HU214798B - High-pressure discharge lamp having ceramic discharge vessel - Google Patents

Abstract

The present invention relates to a high-pressure discharge lamp with a ceramic discharge vessel, in particular a discharge vessel (4) arranged in an outer shell (1), the discharge space of which comprises an ionizable metal halide charge; there are openings at two ends (6a, 6b) of the discharge vessel (4); the two electrodes (11) consisting of the electrode stem (12) and the electrode head or spiral (13) are connected by passages (9a, 9b) to the outer rail leads (7), and a lead-through (9a, 9b) is further sealed in each end opening, the end of the discharge vessel (4) is closed by cylindrical plugs (10a, 10b) and the passages (9a 9b) are inserted into the openings of the plugs (10a, 10b). In the discharge lamp according to the invention, the passages (9) are rod-shaped, made of tungsten, molybdenum or niobium, and a part of the electrode stem (12) is made of a protective sleeve (17) made of high-melting material inside the discharge space to improve the ignition behavior. ŕ

Description

The present invention relates to a high pressure discharge lamp with a ceramic discharge vessel. The ceramic discharge vessel is primarily contained in an outer bulb and contains a discharge space as well as an ionizable, particularly metal halide, charge. The discharge vessel has openings at both ends. The two electrodes of the stem and the head are connected by passages to the external current leads. In each end opening, one passage is sealed in a vacuum seal.

They are essentially metal halide lamps whose color rendering is improved by using a ceramic discharge vessel. Typical power ranges are 50 ... 250 W. Ceramic discharge vessels can also be used in high pressure sodium lamps.

Such a lamp is known from EP-A 472100. The lead-through for this lamp is made of niobium and is recessed in the plug.

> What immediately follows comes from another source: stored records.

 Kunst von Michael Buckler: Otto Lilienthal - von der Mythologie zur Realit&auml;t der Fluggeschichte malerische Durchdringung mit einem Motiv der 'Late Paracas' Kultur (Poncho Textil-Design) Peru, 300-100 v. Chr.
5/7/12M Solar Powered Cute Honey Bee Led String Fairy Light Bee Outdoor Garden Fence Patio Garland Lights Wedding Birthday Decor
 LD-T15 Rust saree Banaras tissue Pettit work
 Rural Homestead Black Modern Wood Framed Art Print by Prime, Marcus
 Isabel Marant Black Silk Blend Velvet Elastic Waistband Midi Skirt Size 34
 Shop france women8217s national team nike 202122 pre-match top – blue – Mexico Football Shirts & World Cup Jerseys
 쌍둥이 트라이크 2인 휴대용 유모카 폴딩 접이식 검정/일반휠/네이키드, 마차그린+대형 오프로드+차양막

It has been proved that the arc of the discharge remains in the glow phase for a very long time when the lamp is lit. The reason for this is that the discharge arc is initially trapped in the recess of the closure plug through the niobium passageway, where the glass solder and the molten ceramic end. Due to the high load, metal niobium can be deposited at this location, causing the discharge vessel to prematurely blacken. A further disadvantage is that this mechanism can also affect the seal, since the glass solder is damaged. The latter seals the discharge vessel and thus shortens its life.

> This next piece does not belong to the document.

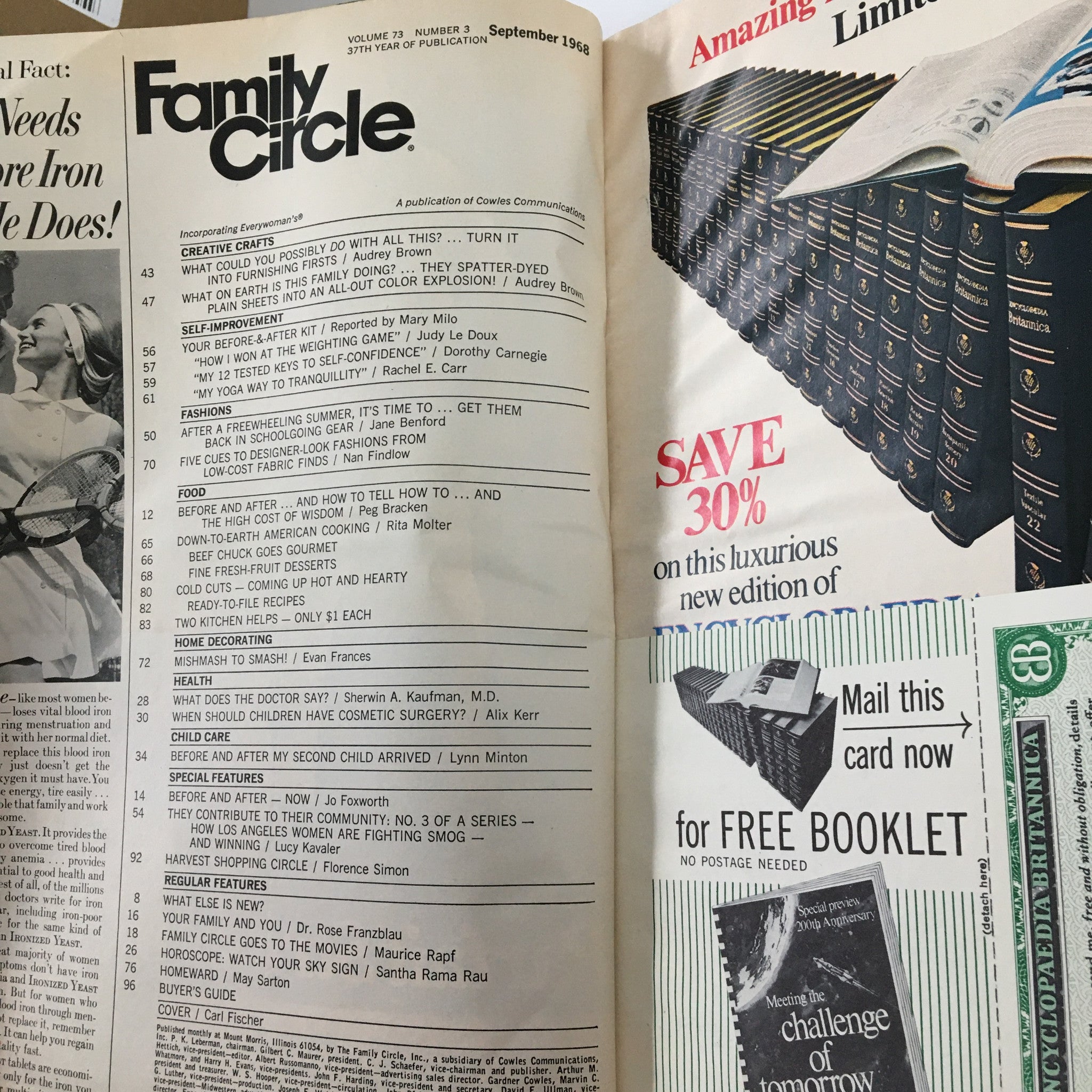 VTG Family Circle Magazine September 1968 Beef Chuck Goes Gourmet No Label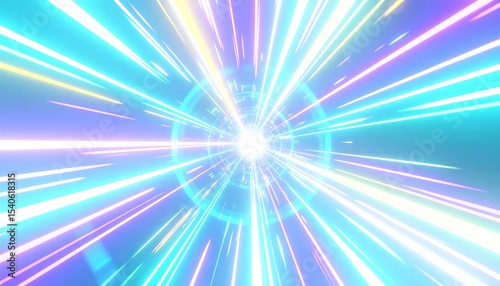Neon Speed Tunnel Light Rays.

The problem of the extended incandescent light stage is more or less explicitly present in other types of metal halide discharge lamps with ceramic discharge vessels. In EP-A 160 445, it is proposed that the cermet stopper lamps use an inwardly projecting projection of the stopper around the electrode stem. However, such a closure is very expensive to produce.

JP-GM 49-14449 discloses a metal halide discharge lamp with a ceramic discharge vessel in which a circular quartz glass plate is placed directly behind the electrode as a shield. This prevents the arc from sticking on the electrode stem and thus prevents the melted glass solder from being damaged. However, it is difficult to fix the page.

It is an object of the present invention to minimize the incandescent discharge stage of the high pressure discharge lamp of the kind described above.

According to the present invention, this object is achieved by encircling at least the majority of the electrode numbers within the discharge chamber with a high-melting material sheath.

Preferably, the ends of the discharge vessel are sealed with closure plugs and the passageways are inserted into the openings of the closure plugs.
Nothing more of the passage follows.